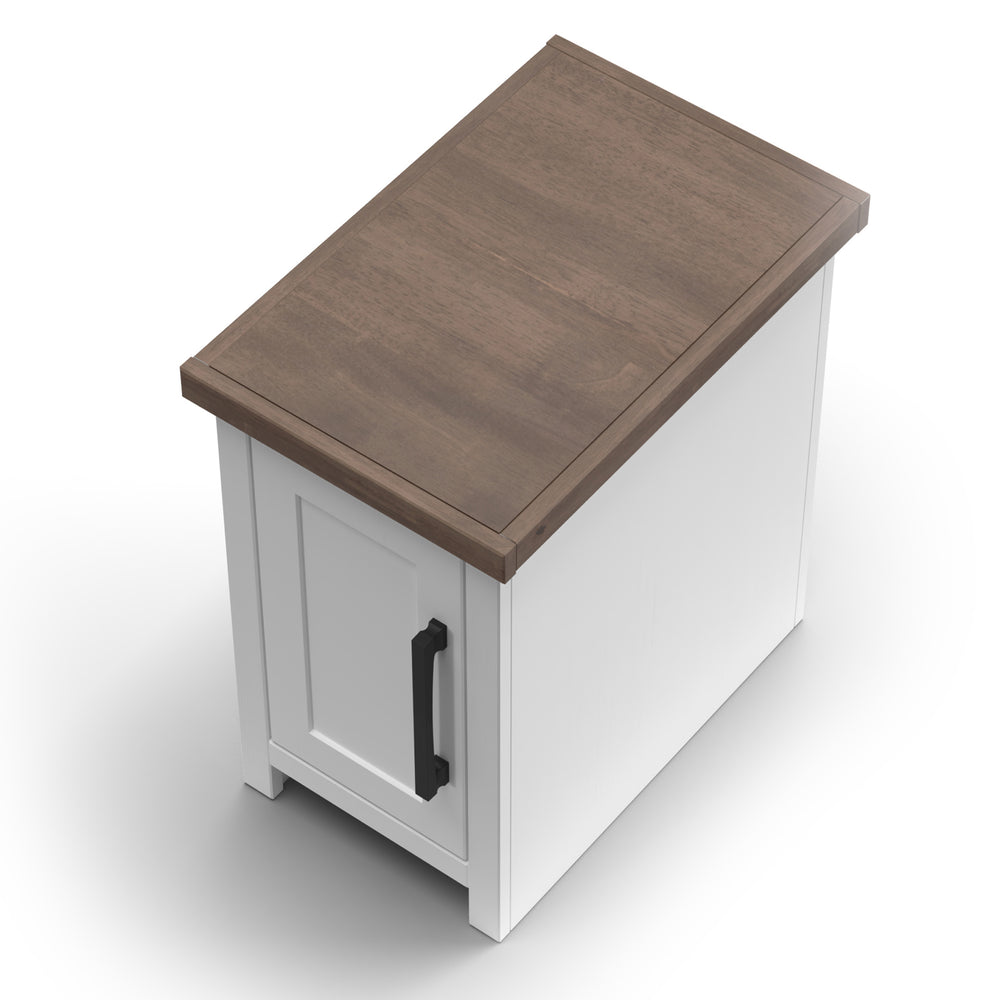 English Elm 14 inch Chairside Table with Two-Tone Farmhouse Charm, Fully Assembled, Bronze Hardware Ready White B108131545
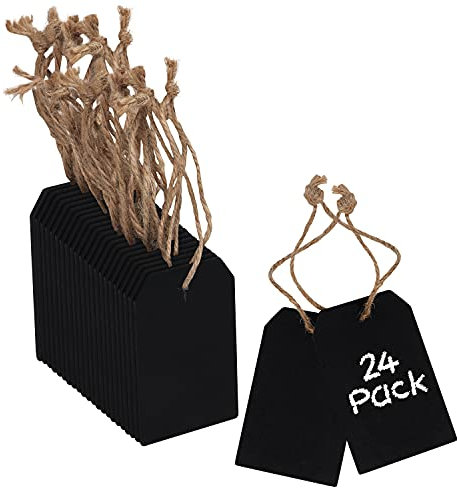 Belle Vous Krittavla i Trä Skylt Etiketter (24 Pack) – 8 x 5 cm – Dubbelsidig Rektangulär Hängande Svartatavla Meddelande Skylt – För Bröllop, Fest, Dekorativ Bordetikett & Prisetikett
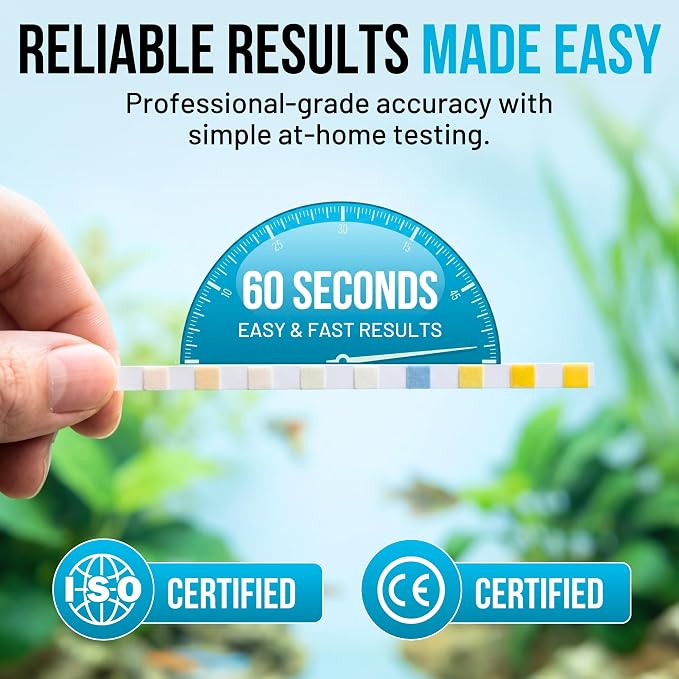 9-In-1 Aquarium Test Strips – 100 Strips for Freshwater & Saltwater | Tests pH, Nitrate, Nitrite, Hardness, Chlorine, Copper, Iron, Carbonate & Alkalinity | Fast Results for Fish Tank & Reef Aquariums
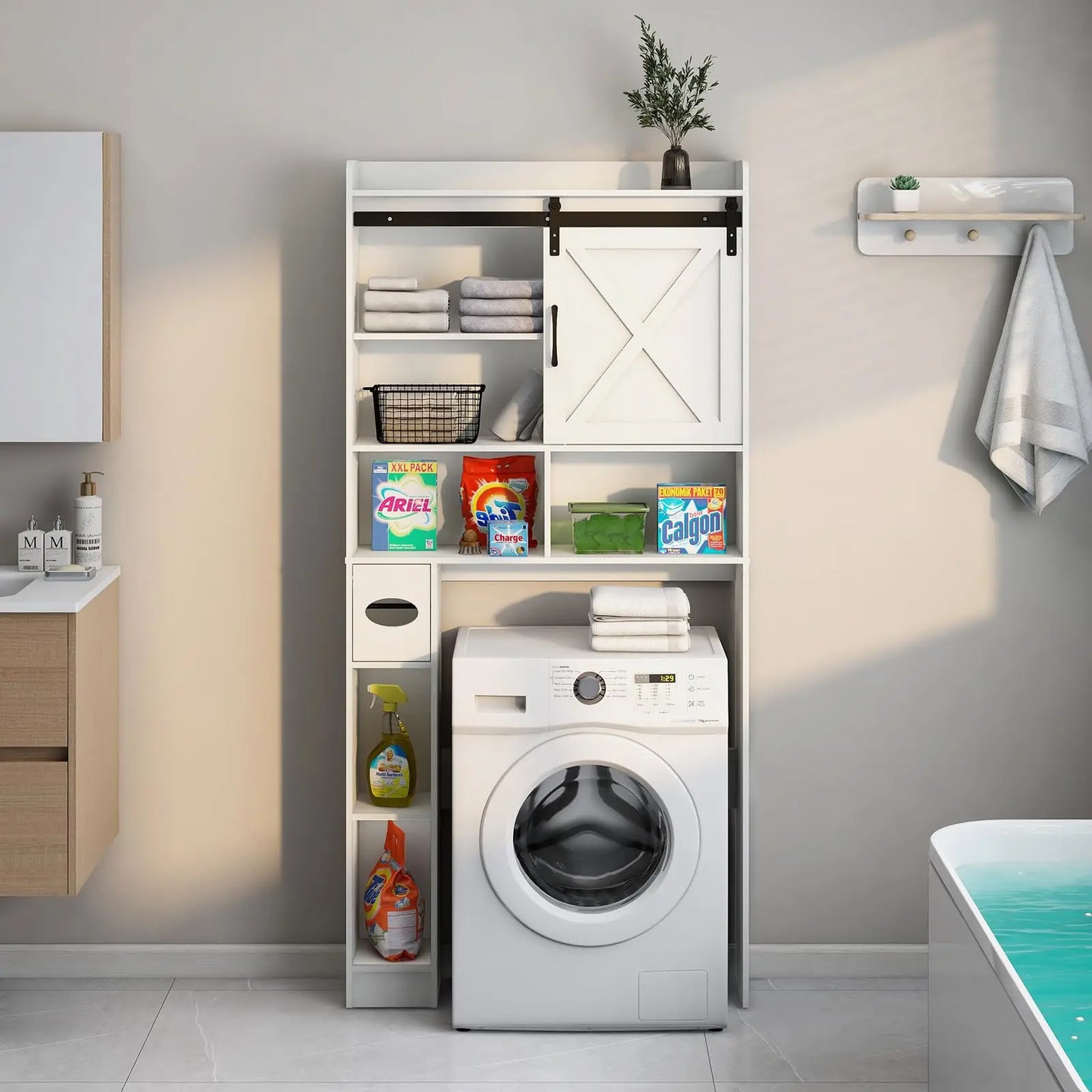 Vabches Over the Toilet Storage Cabinet With Toilet Paper Holder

Instructions for the task
Repeat the listing exactly; do not print any picture.

Answer below
 English Elm 14 inch Chairside Table with Two-Tone Farmhouse Charm, Fully Assembled, Bronze Hardware Ready White B108131545
 Belle Vous Krittavla i Trä Skylt Etiketter (24 Pack) – 8 x 5 cm – Dubbelsidig Rektangulär Hängande Svartatavla Meddelande Skylt – För Bröllop, Fest, Dekorativ Bordetikett & Prisetikett
 9-In-1 Aquarium Test Strips – 100 Strips for Freshwater & Saltwater | Tests pH, Nitrate, Nitrite, Hardness, Chlorine, Copper, Iron, Carbonate & Alkalinity | Fast Results for Fish Tank & Reef Aquariums
 Vabches Over the Toilet Storage Cabinet With Toilet Paper Holder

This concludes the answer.